And it doesn't necessarily matter much anyway, in a race all once agreed was for delegates. "Many a football team gains more yards than its opponent in a game yet loses on that important technicality called points," Cook writes.
"If you want to count them for some abstract measure, you're free to do so," Obama said Wednesday, per ABC's Sunlen Miller, David Wright, and Andy Fies. "But, you know, the way that the popular vote is translated is into delegates, that's how these primaries and these caucuses work."
But the closing gap is bringing Obama questions about whether there's just something missing from this messenger who's been nursing a lead late in the game.
Karl Rove, in his Wall Street Journal column: "Voters saw in the Philadelphia debate the responses of a vitamin-deficient Stevenson act-a-like. And in the closing days of the Pennsylvania primary, they saw him alternate between whining about his treatment by Mrs. Clinton and the press, and attacking Sen. John McCain by exaggerating and twisting his words. No one likes a whiner," Rove writes. "Mr. Obama is near victory in the Democratic contest, but it is time for him to reset, freshen his message and say something new."
Time's Joe Klein sees wide damage in the Democratic Party -- a diminished Clinton brand, and a distinctly less attractive Obama. Obama "entered the primary as a fresh breeze and left it stale, battered and embittered -- still the mathematical favorite for the nomination but no longer the darling of his party," Klein writes.
Columnist Robert Novak sees Obama trapped in a racial box. "The sudden emergence of Obama as an extraordinary candidate who could transcend race and ideology seemed to indicate an escape route from this dilemma.
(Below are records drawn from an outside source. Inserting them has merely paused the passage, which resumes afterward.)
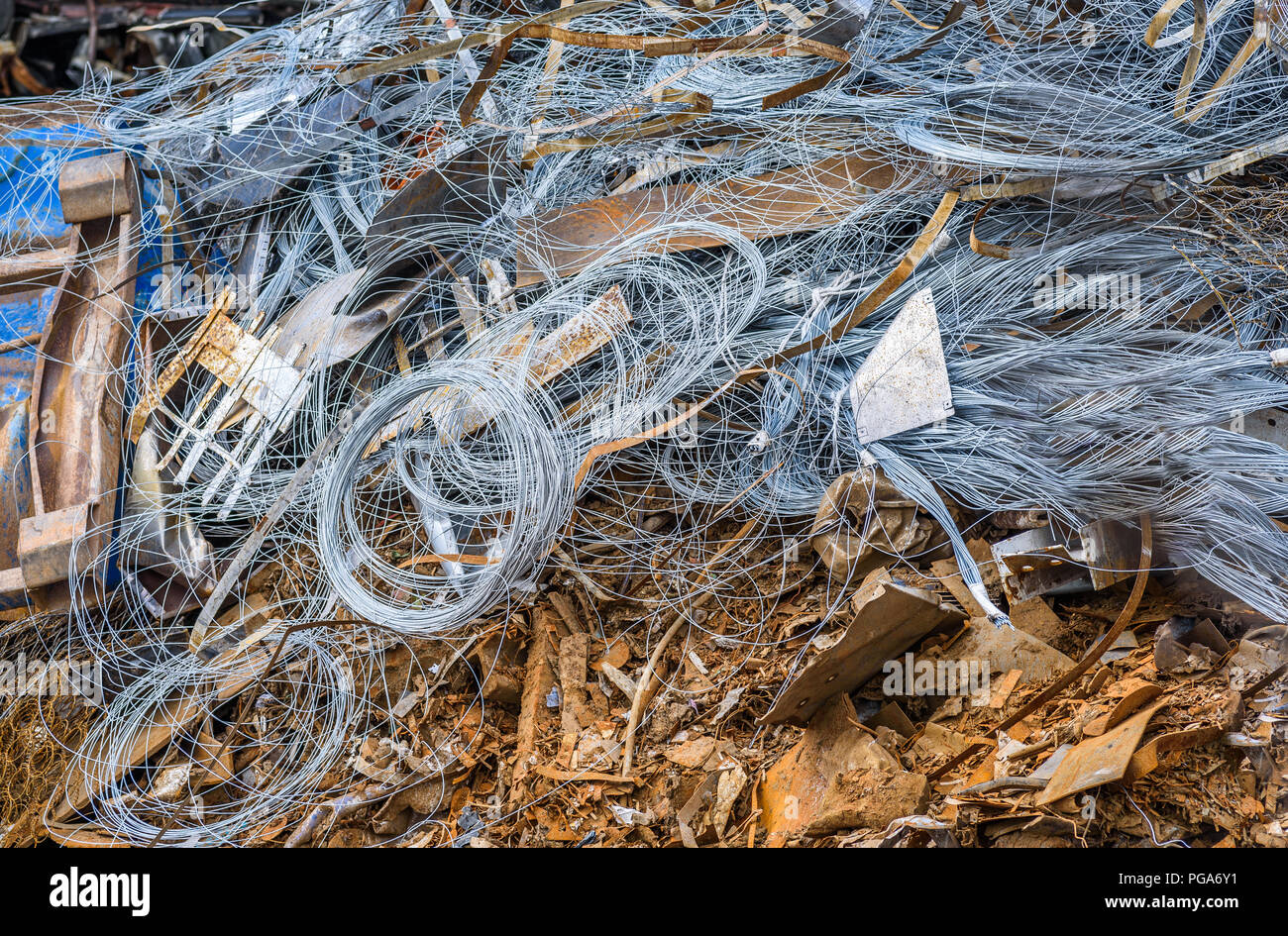 Les déchets de ferraille à une usine de recyclage. Banque D'Images
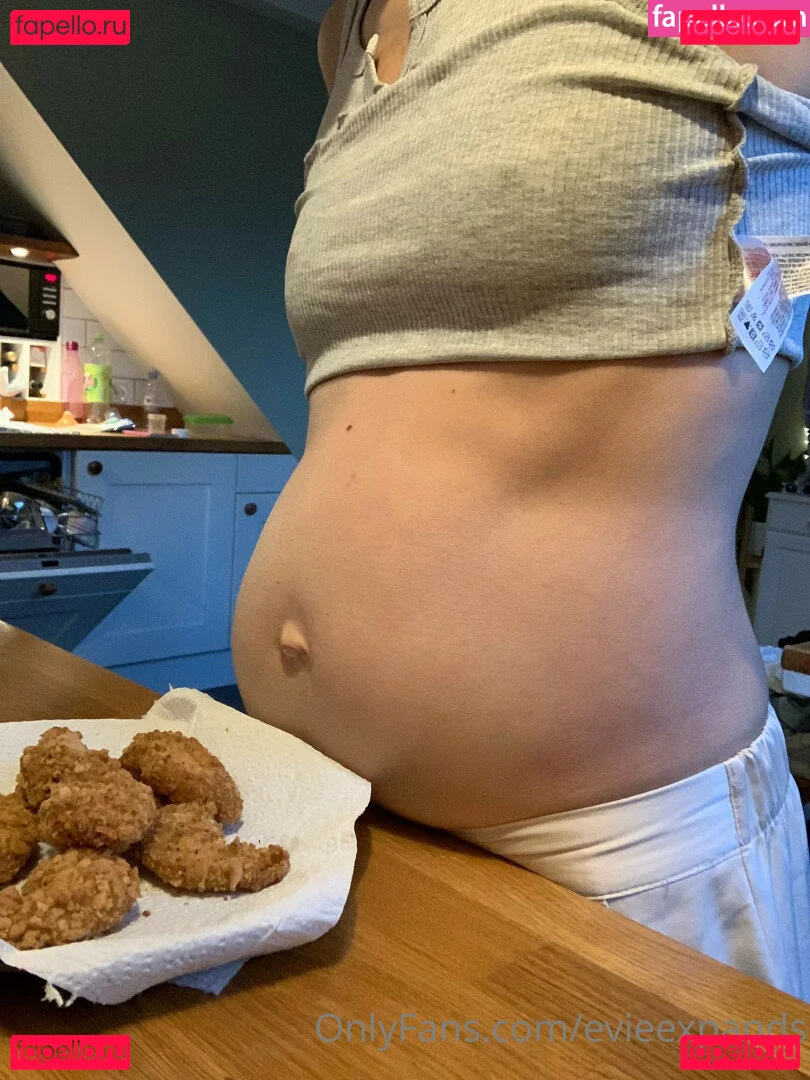 evieexpands Onlyfans Photo Gallery 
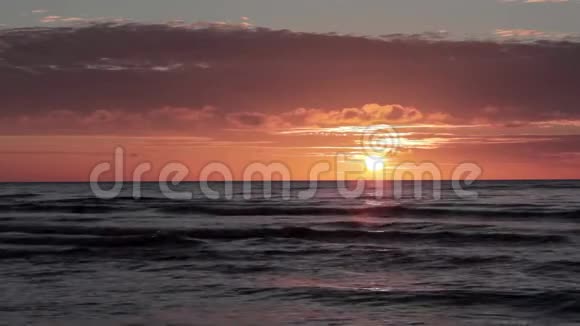 日落日出在波罗的海海滩拉脱维亚视频的预览图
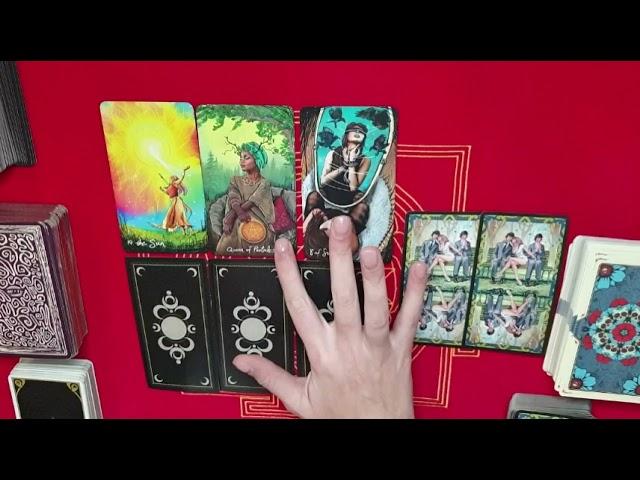 Вертикаль Таро онлайн: Какие отношения вы хотите и какие вы притягиваете. Почему так?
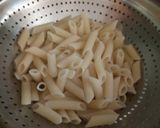 A picture of step 1 of Penne Amritsari.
But Bill Clinton sought to label Obama as his wife's black opponent, and Obama -- who has lost every high-population state to Clinton except Georgia and his own state of Illinois -- has been increasingly identified as bearing the ideological burdens that brought down Democratic nominees George McGovern, Walter Mondale and Michael Dukakis."
Surely the North Carolina Republican Party wouldn't mind talking more about race in the race: The party's ad featuring the Rev. Jeremiah Wright looks like it was cobbled together using decade-old editing software (and there's no real ad budget behind it -- yet) but this is cutting-edge (cutting) politics.
The ad works "on two levels: paint Obama as 'extreme' for attending Trinity United Church of Christ in Chicago where Rev. Wright made incendiary comments and knock Democrats Bev Perdue and Richard Moore for endorsing someone as 'extreme' to North Carolina as Obama," per ABC's Tahman Bradley.
Check out the harsh response from Sen. John McCain (setting the bar high for the conduct of his eventual opponent): "I'm making it very clear, as I have a couple of times in the past, that there's no place for that kind of campaigning -- and the American people don't want it, period," McCain said of the North Carolina GOP's ad, per the Los Angeles Times' Maeve Reston.
"The back-and-forth shows McCain's difficult position," the Washington Times' Stephen Dinan writes. "Some Republicans clearly want him to go further than he has in attacking Obama, seeing an opportunity in the Democrat's associations. But McCain, among all the Republicans who sought their party's nomination this year, may be the least able to capitalize on Obama's gaffes."